The copy must run from the first line of the entries below through the line containing "bedroom with ceiling", restated word for word, with pictures left out.

*****

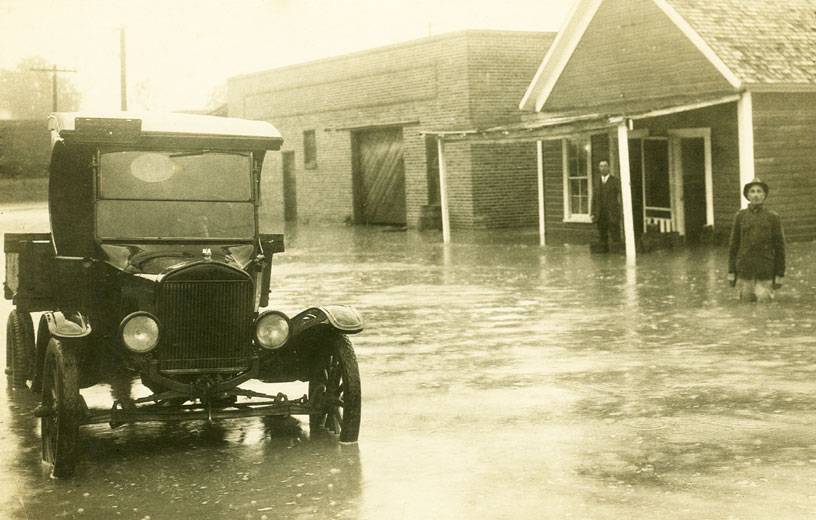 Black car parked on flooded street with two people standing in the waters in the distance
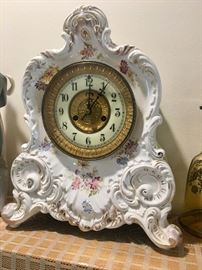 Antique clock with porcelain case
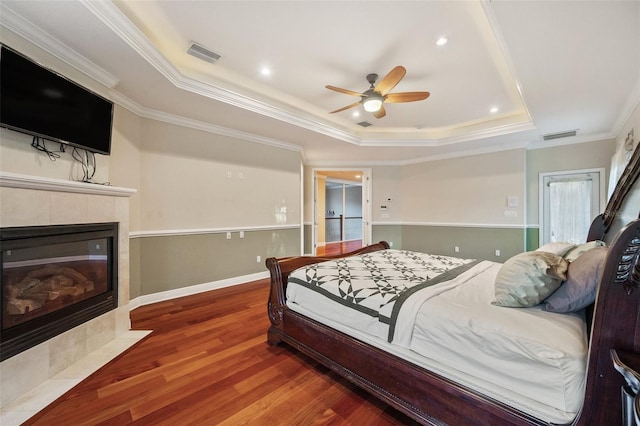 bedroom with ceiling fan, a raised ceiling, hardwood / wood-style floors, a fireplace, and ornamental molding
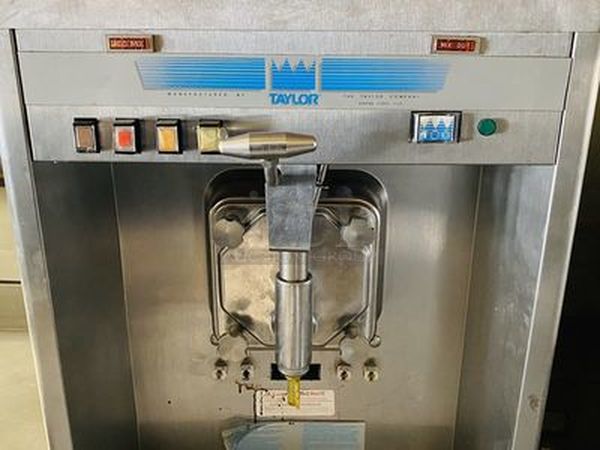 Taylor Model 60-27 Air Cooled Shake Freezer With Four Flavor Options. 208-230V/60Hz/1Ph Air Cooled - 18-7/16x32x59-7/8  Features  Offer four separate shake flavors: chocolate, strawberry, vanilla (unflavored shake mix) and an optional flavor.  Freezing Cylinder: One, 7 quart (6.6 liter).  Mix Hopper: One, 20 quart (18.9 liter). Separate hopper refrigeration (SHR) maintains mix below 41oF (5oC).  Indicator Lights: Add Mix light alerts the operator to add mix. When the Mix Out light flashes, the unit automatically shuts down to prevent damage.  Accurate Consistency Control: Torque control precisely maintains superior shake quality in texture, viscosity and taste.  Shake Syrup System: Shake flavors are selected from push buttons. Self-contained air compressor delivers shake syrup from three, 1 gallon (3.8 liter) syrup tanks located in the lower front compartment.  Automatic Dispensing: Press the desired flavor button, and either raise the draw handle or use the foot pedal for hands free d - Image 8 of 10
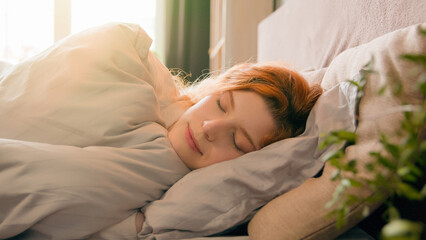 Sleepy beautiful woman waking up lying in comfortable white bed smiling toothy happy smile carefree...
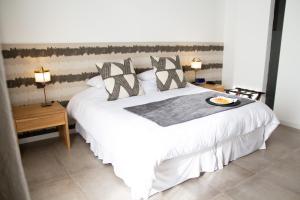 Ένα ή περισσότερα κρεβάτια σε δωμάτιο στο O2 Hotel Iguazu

*****

Exercise result ::
 Black car parked on flooded street with two people standing in the waters in the distance
 Antique clock with porcelain case
 bedroom with ceiling fan, a raised ceiling, hardwood / wood-style floors, a fireplace, and ornamental molding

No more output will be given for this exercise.